What is the difference between chaining and probing in hash tables?

th3an0maly picture th3an0maly · Apr 10, 2016 · Viewed 14.5k times · Source

How do they work? What is their major differences? What are their respective trade-offs? What are their types (if any)? When is one preferred to another (if at all)?

PS: I've already gone through Anagrams - Hashing with chaining and probing in C and Why do we use linear probing in Hash tables when there is separate chaining linked with lists?, but neither seems to draw a contrast between the two methods.

Answer

Andrew picture Andrew · Apr 10, 2016

Chaining and open-addressing (a simple implementation of which is based on linear-probing) are used in Hashtables to resolve collisions. A collision happens whenever the hash function for two different keys points to the same location to store the value.
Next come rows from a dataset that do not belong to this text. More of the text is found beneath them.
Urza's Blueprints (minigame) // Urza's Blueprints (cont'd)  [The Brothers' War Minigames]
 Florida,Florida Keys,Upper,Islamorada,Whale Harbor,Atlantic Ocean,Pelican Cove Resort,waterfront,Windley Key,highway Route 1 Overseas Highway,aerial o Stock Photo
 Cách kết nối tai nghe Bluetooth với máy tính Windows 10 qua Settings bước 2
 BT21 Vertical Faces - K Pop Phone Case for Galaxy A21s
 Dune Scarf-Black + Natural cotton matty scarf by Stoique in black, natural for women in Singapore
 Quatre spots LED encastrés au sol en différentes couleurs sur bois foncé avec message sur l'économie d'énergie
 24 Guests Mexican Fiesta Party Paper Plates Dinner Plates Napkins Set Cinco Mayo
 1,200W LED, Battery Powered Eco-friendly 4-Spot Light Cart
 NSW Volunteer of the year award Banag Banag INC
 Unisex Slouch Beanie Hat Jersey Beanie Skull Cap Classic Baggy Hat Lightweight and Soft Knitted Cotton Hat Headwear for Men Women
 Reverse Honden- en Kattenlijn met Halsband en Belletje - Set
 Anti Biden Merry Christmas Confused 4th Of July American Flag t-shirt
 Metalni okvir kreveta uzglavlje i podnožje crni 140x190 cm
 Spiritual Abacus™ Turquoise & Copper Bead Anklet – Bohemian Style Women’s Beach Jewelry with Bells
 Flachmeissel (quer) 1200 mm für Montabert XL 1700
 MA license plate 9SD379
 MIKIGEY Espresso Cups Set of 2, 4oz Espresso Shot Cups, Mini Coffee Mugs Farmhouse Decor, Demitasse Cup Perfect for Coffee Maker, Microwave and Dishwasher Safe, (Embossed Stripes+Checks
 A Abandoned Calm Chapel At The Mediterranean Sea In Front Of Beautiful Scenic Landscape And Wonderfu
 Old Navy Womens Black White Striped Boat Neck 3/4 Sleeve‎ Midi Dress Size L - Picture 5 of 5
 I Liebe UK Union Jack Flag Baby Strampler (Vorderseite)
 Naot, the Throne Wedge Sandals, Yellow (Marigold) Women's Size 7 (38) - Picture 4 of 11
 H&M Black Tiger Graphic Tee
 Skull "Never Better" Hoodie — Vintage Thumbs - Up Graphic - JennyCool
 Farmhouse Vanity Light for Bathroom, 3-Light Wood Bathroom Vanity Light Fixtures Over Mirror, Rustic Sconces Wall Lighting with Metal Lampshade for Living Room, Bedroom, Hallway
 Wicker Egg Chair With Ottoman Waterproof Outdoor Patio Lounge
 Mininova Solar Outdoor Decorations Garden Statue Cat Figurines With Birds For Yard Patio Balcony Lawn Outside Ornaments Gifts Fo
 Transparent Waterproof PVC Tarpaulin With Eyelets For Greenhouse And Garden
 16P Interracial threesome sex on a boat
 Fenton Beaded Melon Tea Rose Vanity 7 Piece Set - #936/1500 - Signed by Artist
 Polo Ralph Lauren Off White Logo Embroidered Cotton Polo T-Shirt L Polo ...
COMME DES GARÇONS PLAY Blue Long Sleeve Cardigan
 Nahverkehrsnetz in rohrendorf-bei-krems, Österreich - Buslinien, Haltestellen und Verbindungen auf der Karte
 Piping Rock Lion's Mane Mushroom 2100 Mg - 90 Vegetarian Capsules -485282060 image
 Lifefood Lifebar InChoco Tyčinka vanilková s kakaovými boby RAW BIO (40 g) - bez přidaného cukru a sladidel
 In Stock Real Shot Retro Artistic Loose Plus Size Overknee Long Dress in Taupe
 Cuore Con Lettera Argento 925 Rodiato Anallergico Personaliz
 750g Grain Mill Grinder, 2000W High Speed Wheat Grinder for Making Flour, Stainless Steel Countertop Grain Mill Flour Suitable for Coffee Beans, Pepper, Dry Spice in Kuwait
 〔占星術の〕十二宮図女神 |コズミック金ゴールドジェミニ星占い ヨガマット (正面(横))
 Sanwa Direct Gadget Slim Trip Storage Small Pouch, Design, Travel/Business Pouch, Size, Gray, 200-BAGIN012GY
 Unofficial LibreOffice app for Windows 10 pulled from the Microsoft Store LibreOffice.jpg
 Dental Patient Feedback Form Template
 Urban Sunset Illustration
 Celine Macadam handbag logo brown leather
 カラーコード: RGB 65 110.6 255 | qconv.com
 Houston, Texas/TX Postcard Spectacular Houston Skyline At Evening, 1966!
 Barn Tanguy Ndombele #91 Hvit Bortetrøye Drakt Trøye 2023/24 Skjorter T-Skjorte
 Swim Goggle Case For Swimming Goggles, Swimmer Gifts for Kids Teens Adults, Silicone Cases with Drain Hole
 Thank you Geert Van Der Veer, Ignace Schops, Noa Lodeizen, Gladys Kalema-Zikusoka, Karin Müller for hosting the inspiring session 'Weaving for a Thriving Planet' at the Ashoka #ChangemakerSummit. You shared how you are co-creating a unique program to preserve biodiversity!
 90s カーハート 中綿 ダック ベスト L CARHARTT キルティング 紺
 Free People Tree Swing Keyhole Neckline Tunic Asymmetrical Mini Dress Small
In order to store both values, with different keys that would have been stored in the same location, chaining and open-addressing take different approaches: while chaining resolves the conflict by created a linked list of values with the same hash; open-addressing tries to attempts to find a different location to store the values with the same hash.

An interesting alternative to linear-probing for open-addressing conflict resolution is what is known as double-hashing.

The main difference that arises is in the speed of retrieving the value being hashed under different conditions.

Let's start with chaining as collision resolution. Notice here that after calculating the hash function for Lisa, you need to get the first element from the list to get the value required. Therefore, you access the pointer to the head of the list and then the value: 2 operations.

On the other hand, with open-addressing, such as linear-probing, when there is no collision, you immediately obtain the value you are seeking. That is, you require only 1 operation, which is faster.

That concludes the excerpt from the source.